DIRECTIONS:
Retype the lines below exactly, but only those from the line that has "YES4PETS 148cm Rabbit" through the line that has "Vidaxl 2-Seater Sofa in Black". Omit every picture.

DATASET RECORDS:
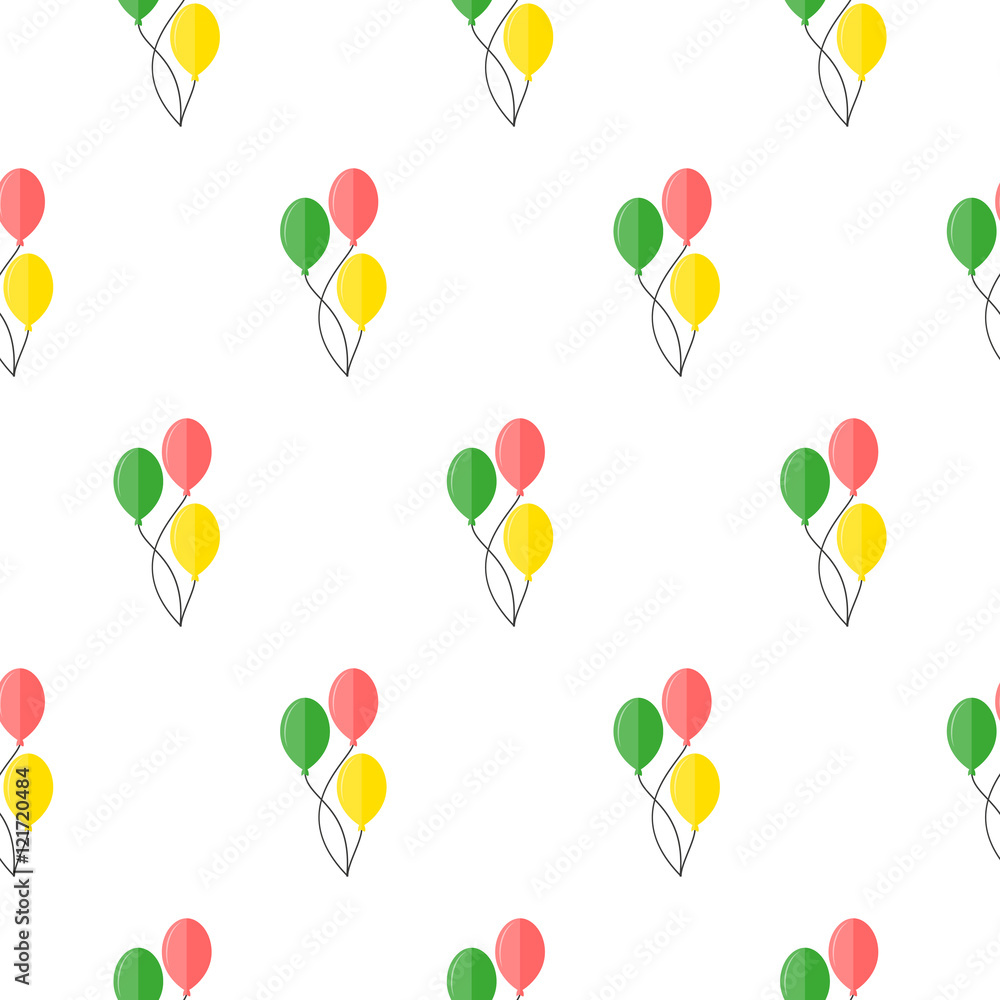 Balloons. Vector seamless pattern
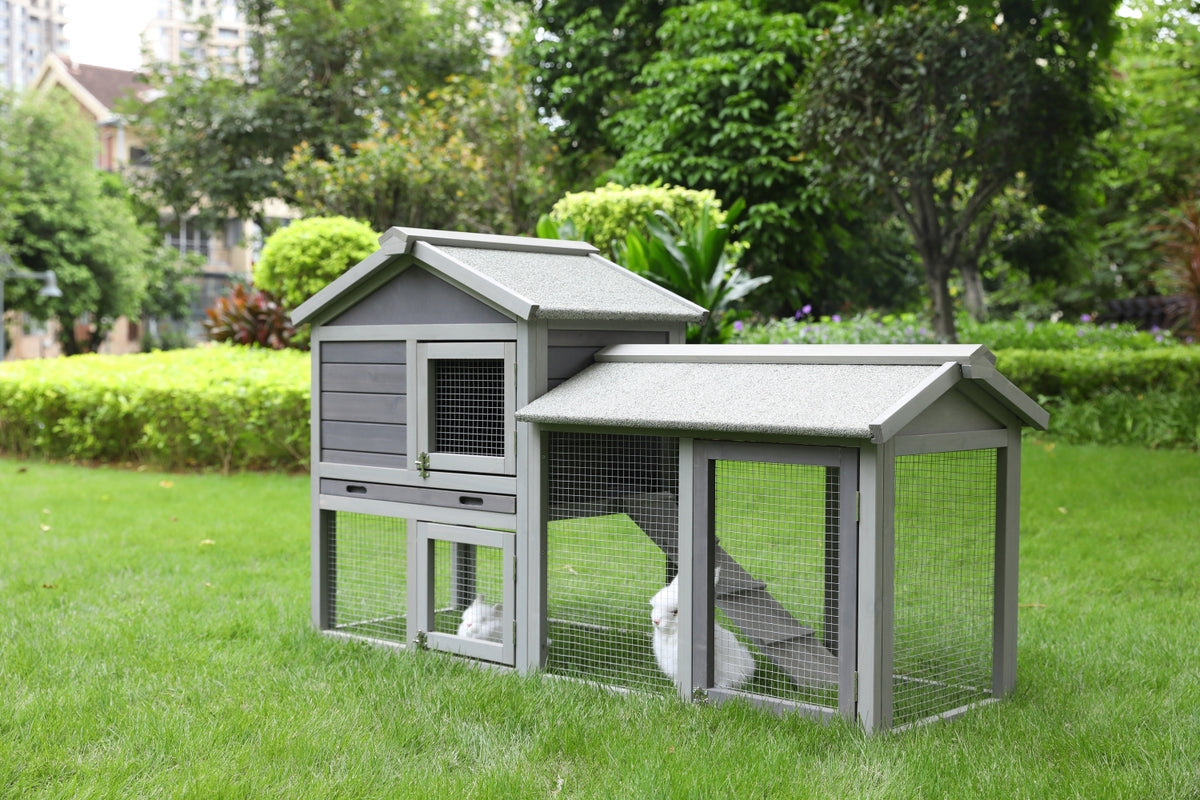 YES4PETS 148cm Rabbit Hutch Quail Run Wooden Cage Guinea Pig Cage House — product image 1 of 8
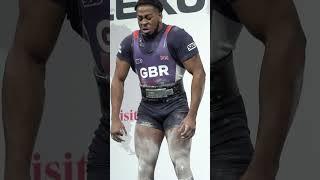 World Junior Record Deadlift with 360.5 kg by Nathaniel Massiah GBR in 93kg class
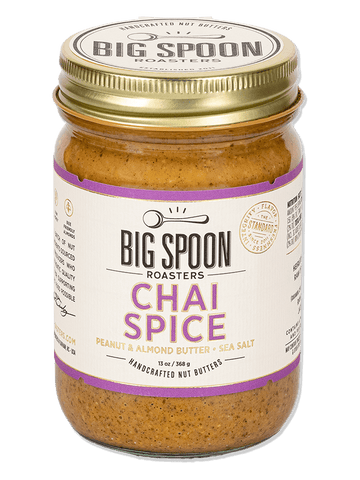 13oz jar of Chai Spice Peanut & Almond Butter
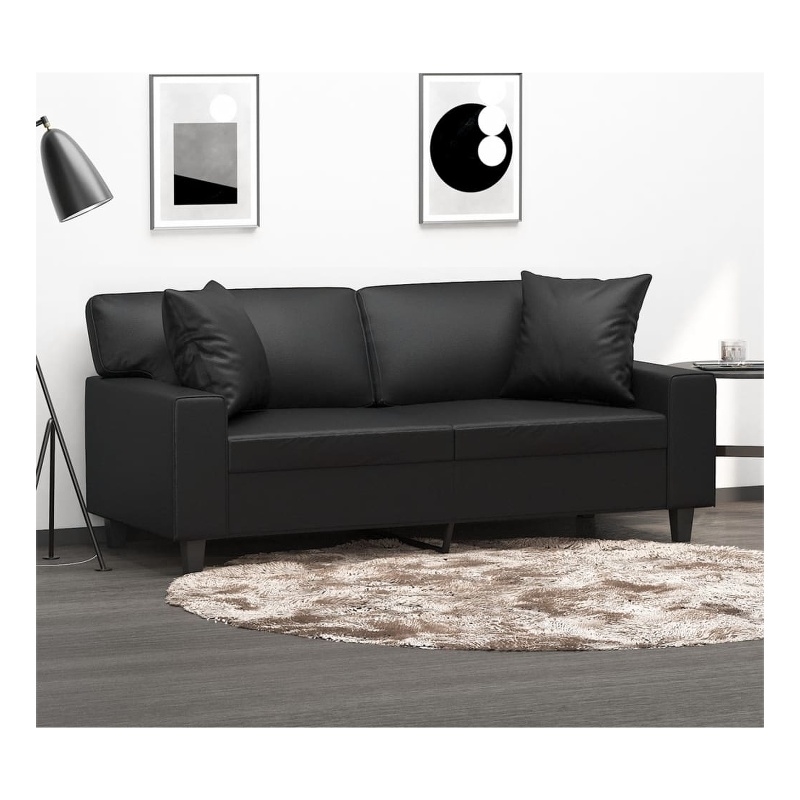 Vidaxl 2-Seater Sofa in Black
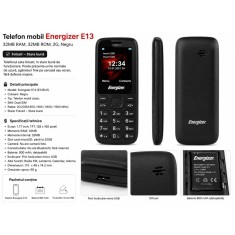 Telefon mobil Energizer E13 Dual SIM 32MB RAM 32MB ROM 2G (Nou)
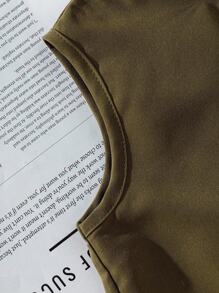 SHEIN 2 件套年轻女孩无袖纽扣上衣和中长裙套装，橄榄绿，舒适休闲时尚 - 粉色 - 查看 4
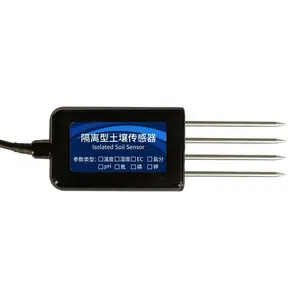 เซ็นเซอร์วัดคุณภาพดิน BGT Soil 8 in 1 ระบบตรวจสอบออนไลน์ RS485 สำหรับการชลประทานอัจฉริยะ วัดความชื้น อุณหภูมิ ค่า <span class=keywords><strong>EC</strong></span> ค่า pH ความเค็ม และ NPK - Product Image 1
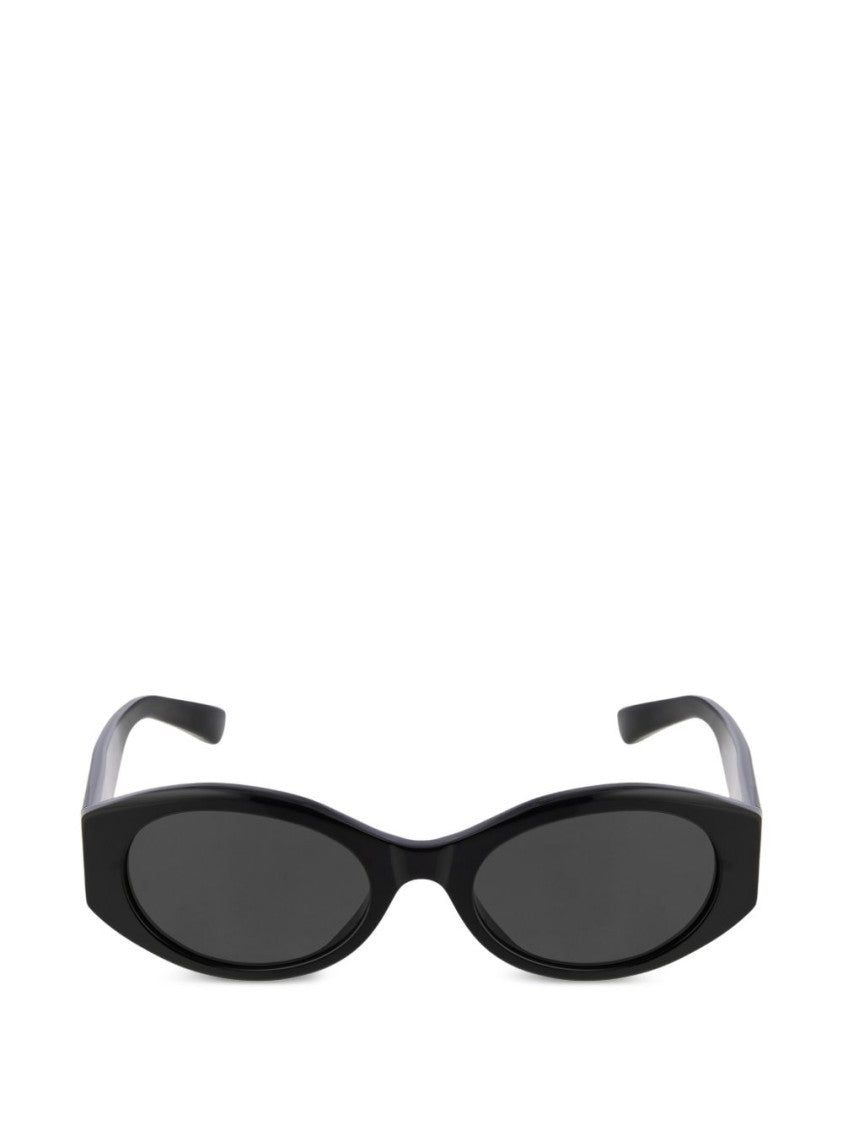 Balenciaga Oval-Frame Black Acetate Sunglasses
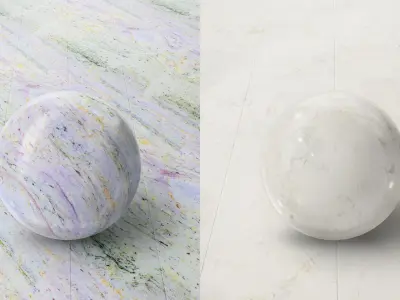 PBR Colored Marble Collection Texture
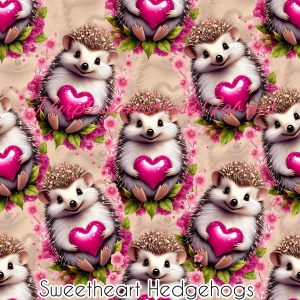 Sweetheart Hedgehogs - Fabric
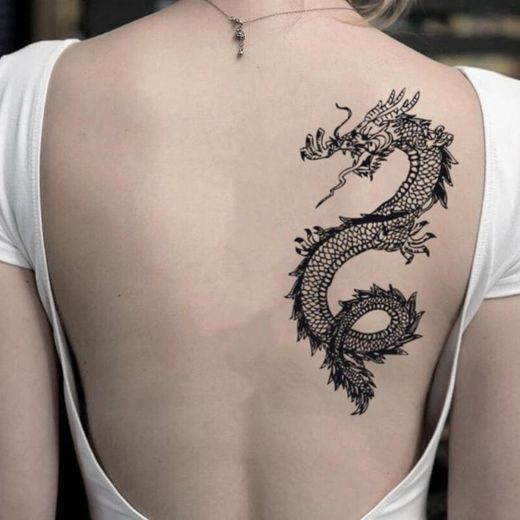 Tattoo Dragão Costas Pequena 🐲🤟🏽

YOUR SOLUTION:
 YES4PETS 148cm Rabbit Hutch Quail Run Wooden Cage Guinea Pig Cage House — product image 1 of 8
 World Junior Record Deadlift with 360.5 kg by Nathaniel Massiah GBR in 93kg class
 13oz jar of Chai Spice Peanut & Almond Butter
 Vidaxl 2-Seater Sofa in Black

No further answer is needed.